If institutional repositories (IRs) were all that their proponents could have hoped, they would be providing researchers with better access to research, improving institutional prestige, and assisting with formal research assessment . The reality, though, is that IRs are less frequently implemented, harder to fill, and less visible than their advocates would hope or expect .
While technical platforms for IRs, such as DSpace  and ePrints  have seen an abundance of research, little is known about the users of IRs, neither how they use IR software, nor how usable it is for them. IR users can be divided into three main groups: authors, information seekers, and data creators/maintainers; while authors are reasonably well understood, the latter groups are particularly under-studied.
Authors are better studied than any other users of IRs, perhaps because the first barrier to IR use is content recruitment, and authors are vital to content recruitment, even in IRs where deposit is performed by a third party. Several strategies to improve author involvement in IRs have been identified in the literature, and are summarised in Mark and Shearer's excellent review . The literature on authors will not be further reviewed here.
Information seekers are the end-users of any IR, and while there may be authors in this group (indeed, they may constitute the majority of this group), the goals and concerns of this group are very different from the goals and concerns of authors in their authorship role. Research shows that information seekers generally want to find information quickly and with a minimum of fuss , (though authors are differentiated by placing high value on peer-reviewed work ). It is clear that where information is freely available, information seekers are willing to use it, and trust it just as much as for-fee information . Even authors are visibly willing to use 'free' published work; 88% report having used self-archived materials . While IRs clearly have potential users, even researchers at a given institution are unlikely to know whether their institution has an IR ; hence IRs are likely to be largely unknown to researchers outside their host institutions (and must certainly be unknown to the general public, one of the purported beneficiaries of IRs ).

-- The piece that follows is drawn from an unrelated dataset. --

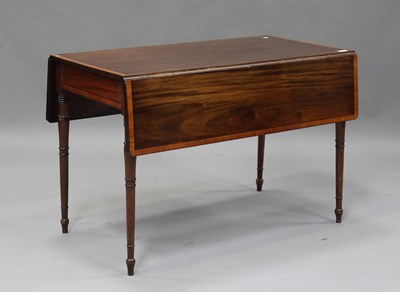 LOT 2139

The first usability problem for IRs, then, is visibility; for IRs to be useful they must be seen, and it would appear at present that authors are quite right in perceiving them as 'islands' of information, set apart from the people who might be interested in them . This is a problem that can be addressed by search-engine harvesting of IRs, not just by Google Scholar (which attracts some use by academics, but is not usually the first information source they consult ) but by Google's main service, which is the first stop for information for academics and the public alike . This is not to say that other commercial search engines should be excluded; Google is mentioned by name here simply because it is the most popular . Reinforcing the importance of search-engine harvesting is Nicholas' surprising conclusion that search-engine indexing of a journal is at least as important as making that journal open access in terms of improving the journal's visitor numbers .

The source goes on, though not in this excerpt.